HAMi Enterprise Air-Gap Deployment Guide
This document is intended for SRE / platform engineers and describes how to deploy HAMi Enterprise in a Kubernetes cluster using the All-in-One air-gap package, complete license activation, enable GPU nodes, and verify with sample workloads.
This delivery package uses Zarf to perform image import, Helm chart installation, and subsequent upgrades in environments without external network access or with restricted networks, reducing the manual effort of syncing images and maintaining installation order.

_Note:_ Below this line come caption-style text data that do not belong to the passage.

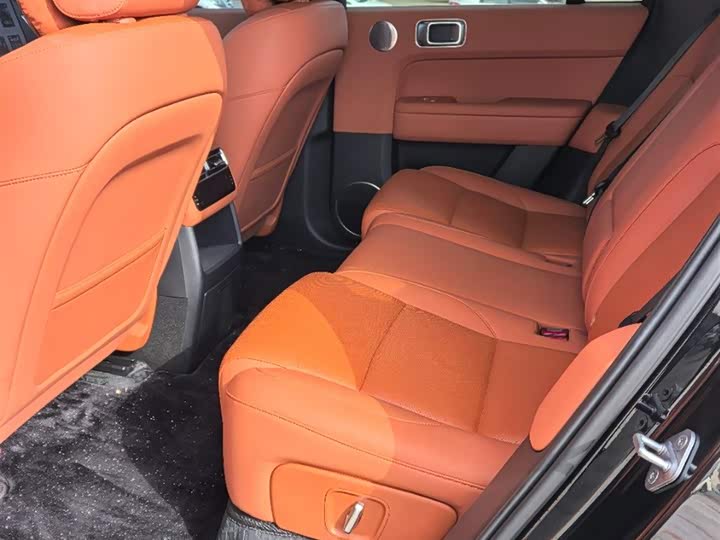 Фото 5 - LiXiang L6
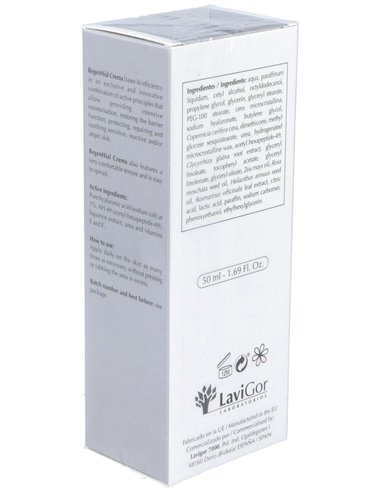 Regenhial Crema 50 Ml de Lavigor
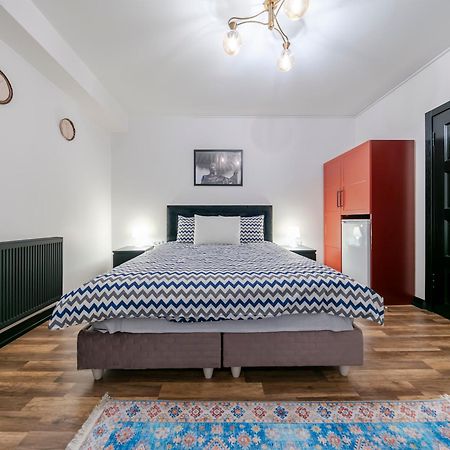Hexa Suites Hotel Istanbul Eksteriør billede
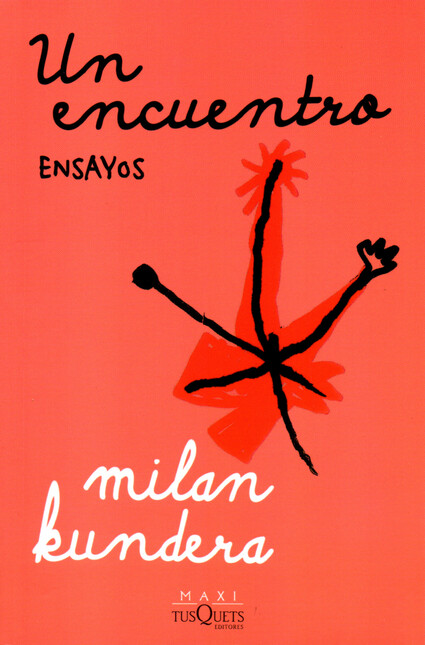 Un encuentro. Ensayos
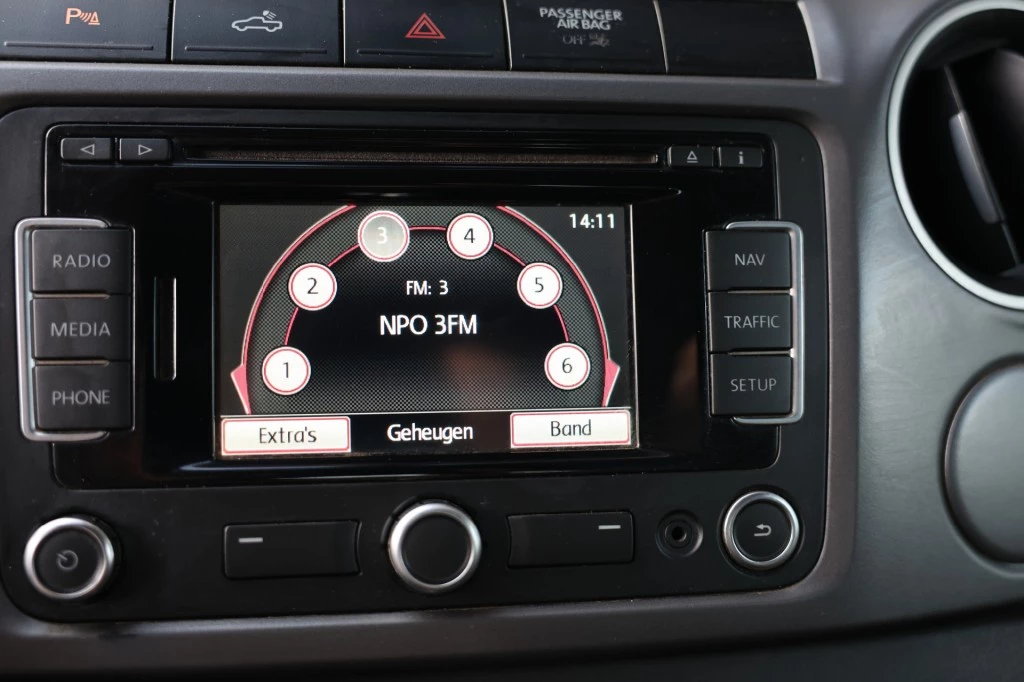 Hoofdafbeelding Volkswagen Amarok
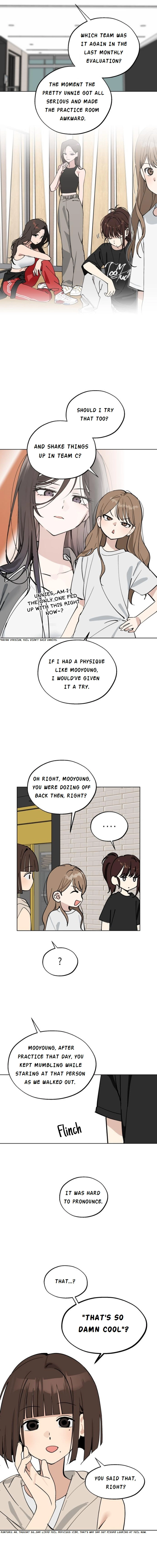 Read Today Is a Woman Day EN Manga Online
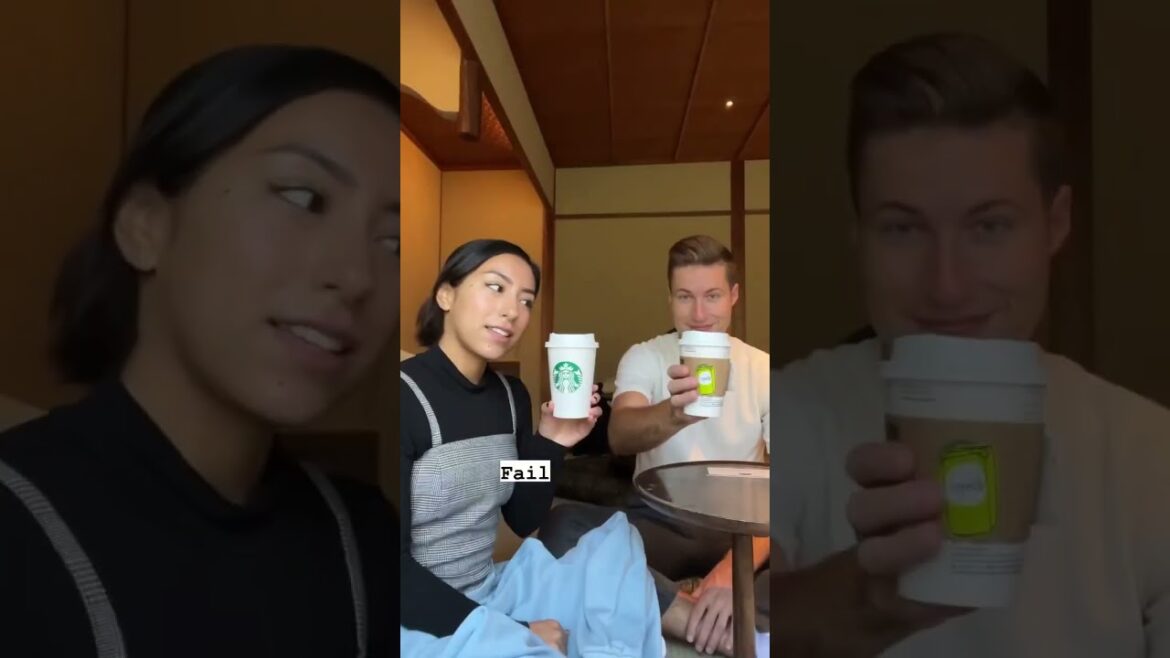 How is this a STARBUCKS? | Japan Travel | Kyoto Vlog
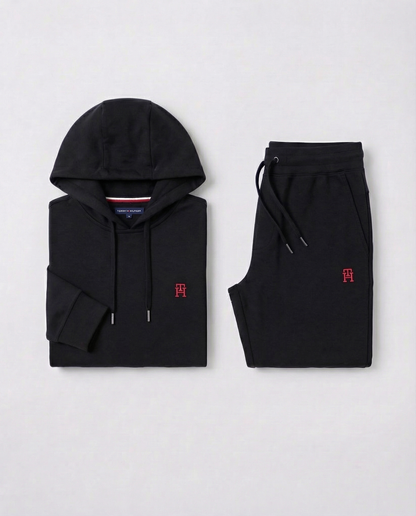 Ensemble TH sweat à capuche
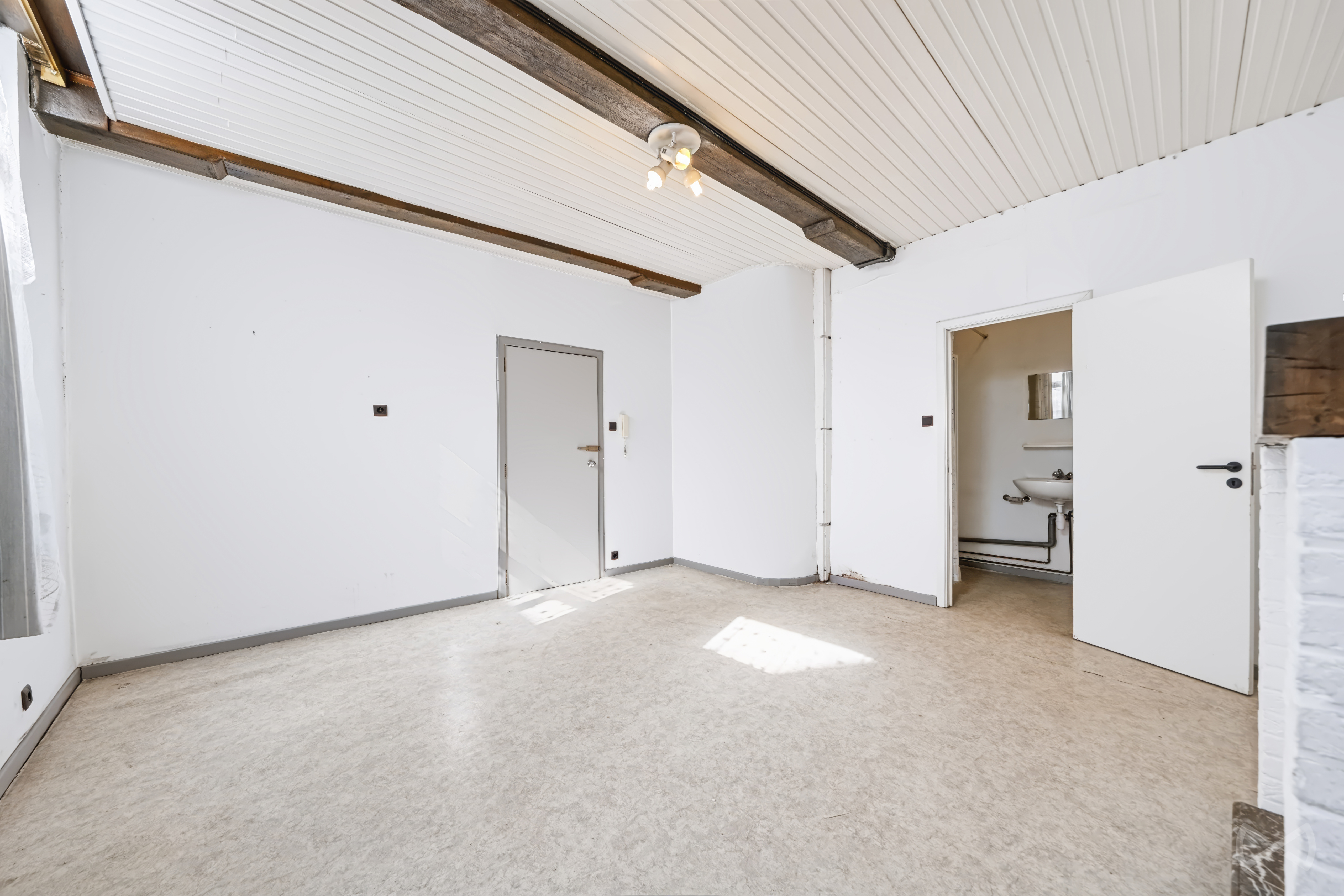 Foto van de woning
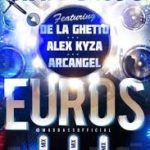 Mad Bass Ft. De La Ghetto, Alex Kyza Y Arcangel - Euros MP3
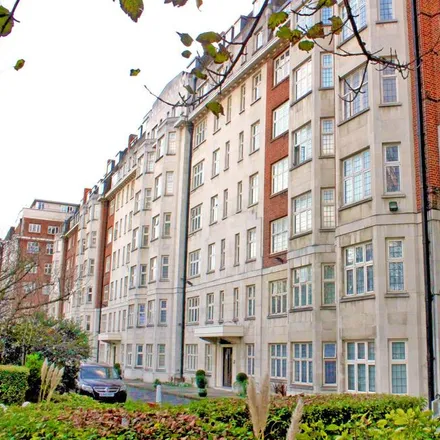 Image 1 - Wellington Court, 55-67 Wellington Road, London, NW8 9TH, United Kingdom - Apartment for rent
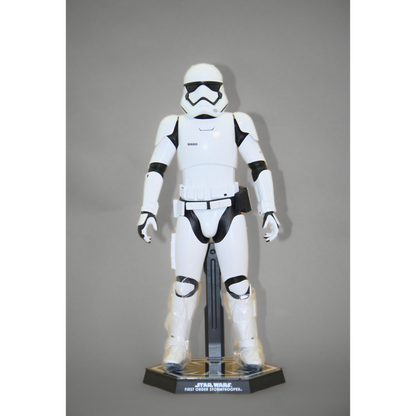 Star Wars 1st Order Stormtrooper MMS319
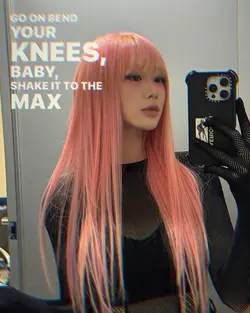 Shake it to the max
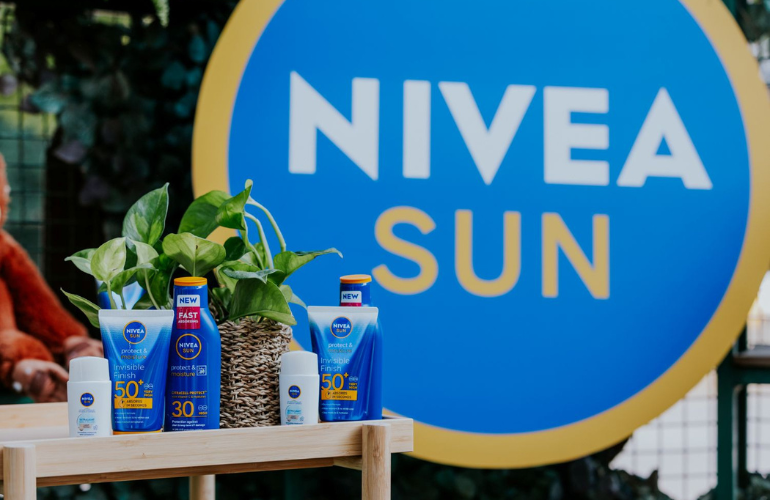 Nivea sun proizvodi za zastitu od sunca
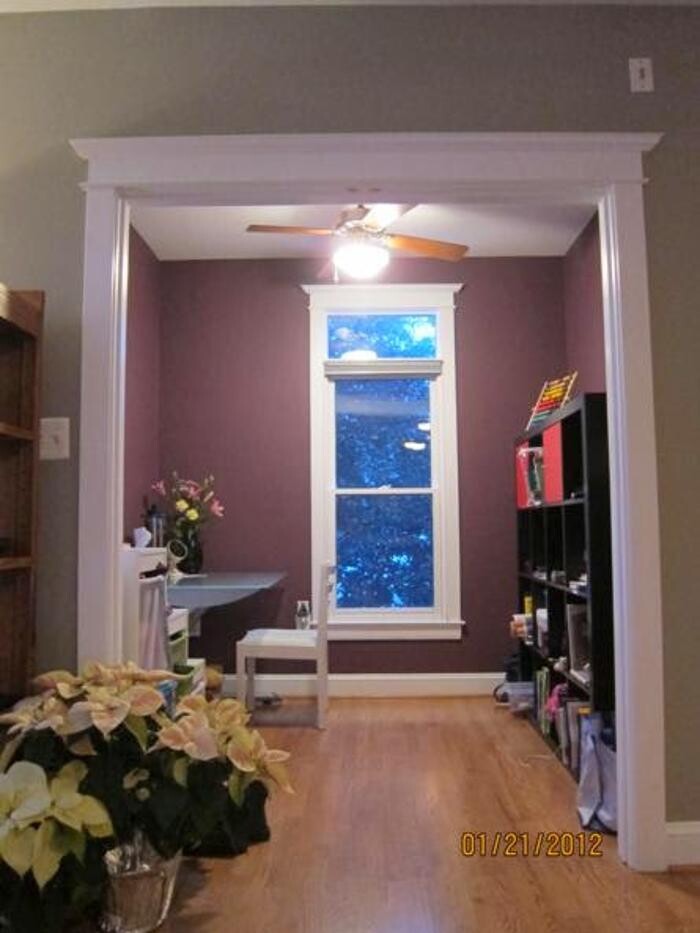 Images CertaPro Painters of Arlington, VA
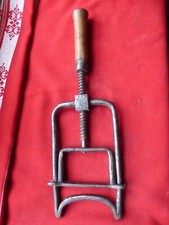 pas d'ane abaisse langue outil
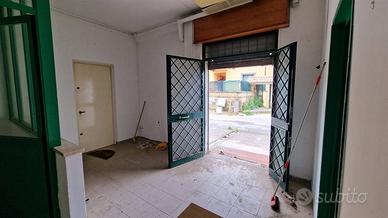 Immobile di 69 m² a San Cesareo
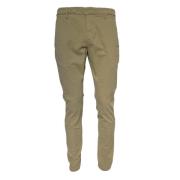 Dondup Chinos Beige, Herr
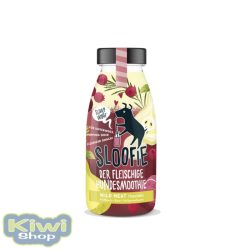 SLOOFIE Wild Meat - A Természet íze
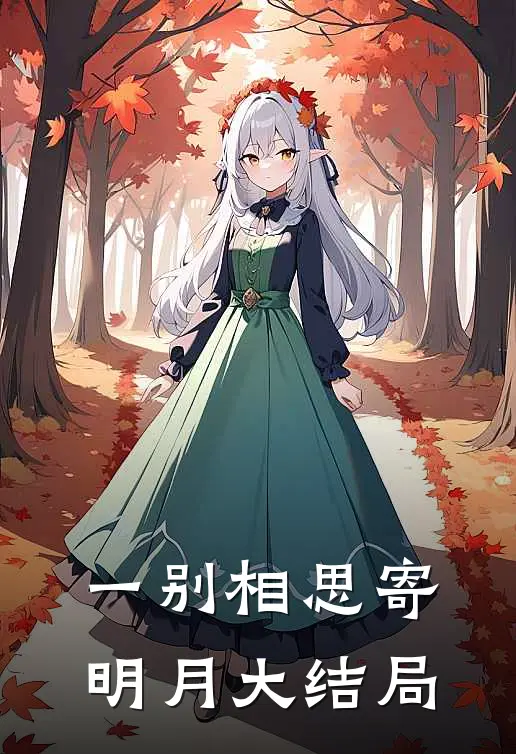 一别相思寄明月大结局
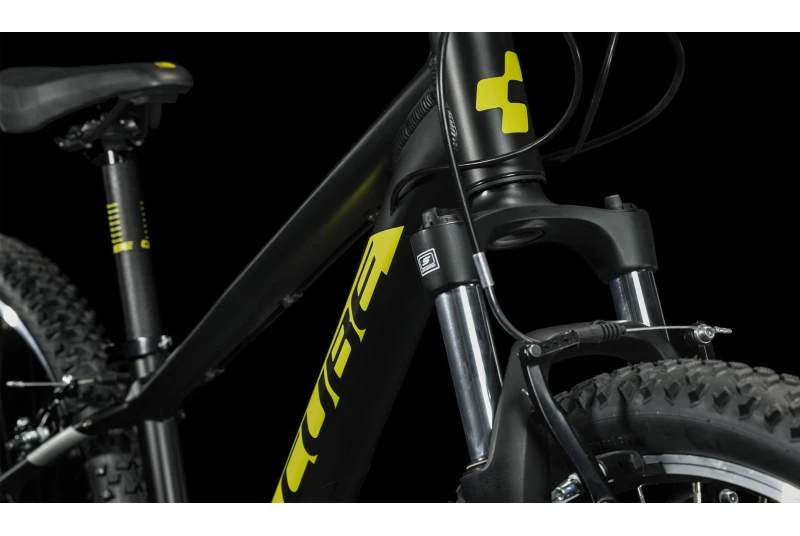 Bicicleta Cube Acid 260 2022 7 Bicicleta Cube Acid 260 2022 - Imagen 5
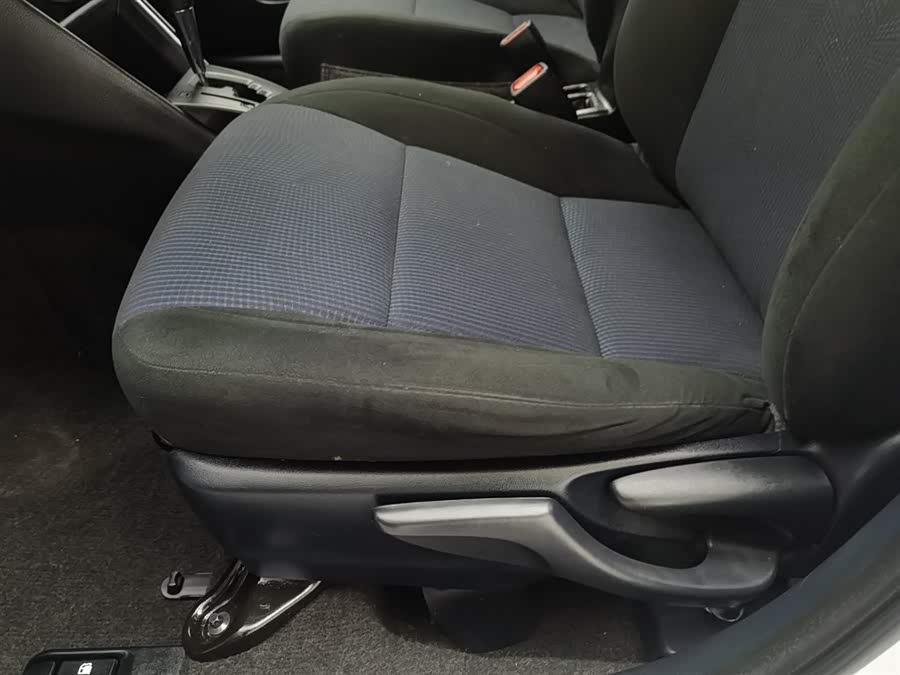 Toyota Yaris L Zhixiang 2018 #21 Toyota Yaris L Zhixiang 2018 صورة سيارة #21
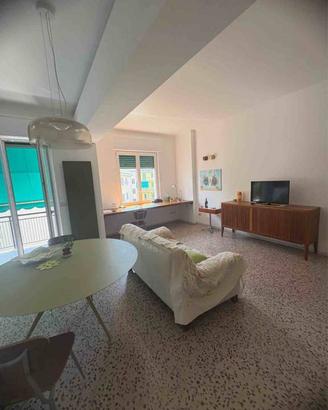 Appartamento di 105 m² con 3 locali a Genova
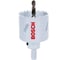 Пильная коронка HSS BIM 51 мм DIY Bosch 2609255609 6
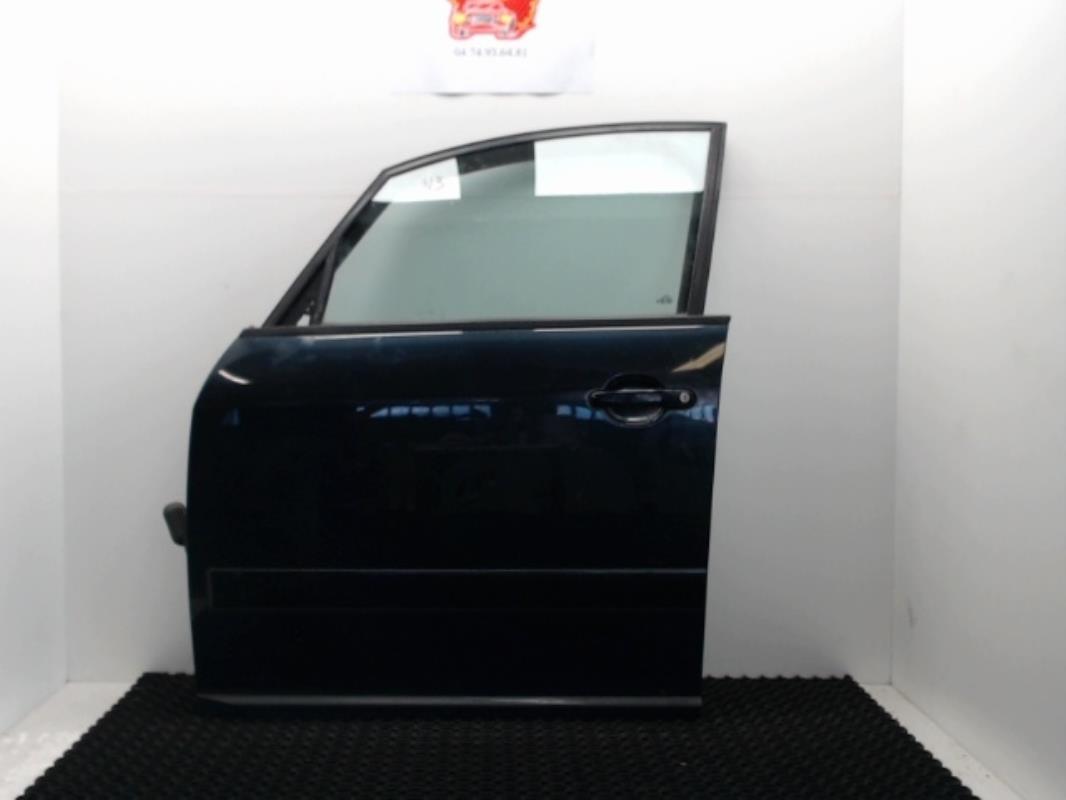 Porte avant gauche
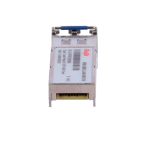 Ruijie RG-MINI-GBIC-LH40-SM1310 Módulo transceptor SFP de Ruijie - Estándar Ethernet 1000Base-LH - Conector de tipo LC Duplex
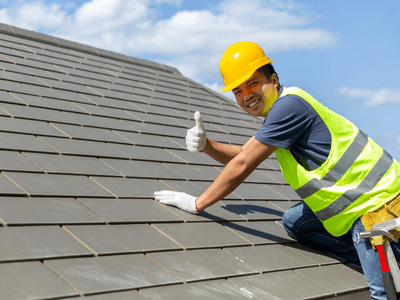 About Roof Repair Experts Spring Green, WI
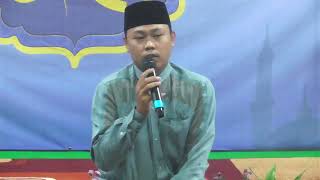 Pembacaan Ayat Al Qur'an | Maulid Nabi Muhammad SAW - Musholla Nurul Iman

Zarf is an application packaging and deployment tool for Kubernetes air-gap / semi-air-gap environments; it can bundle images, Helm charts, scripts, and deployment actions into a portable package.
The installation itself does not depend on a licence; you can complete the deployment first, then apply for and import the licence in subsequent steps.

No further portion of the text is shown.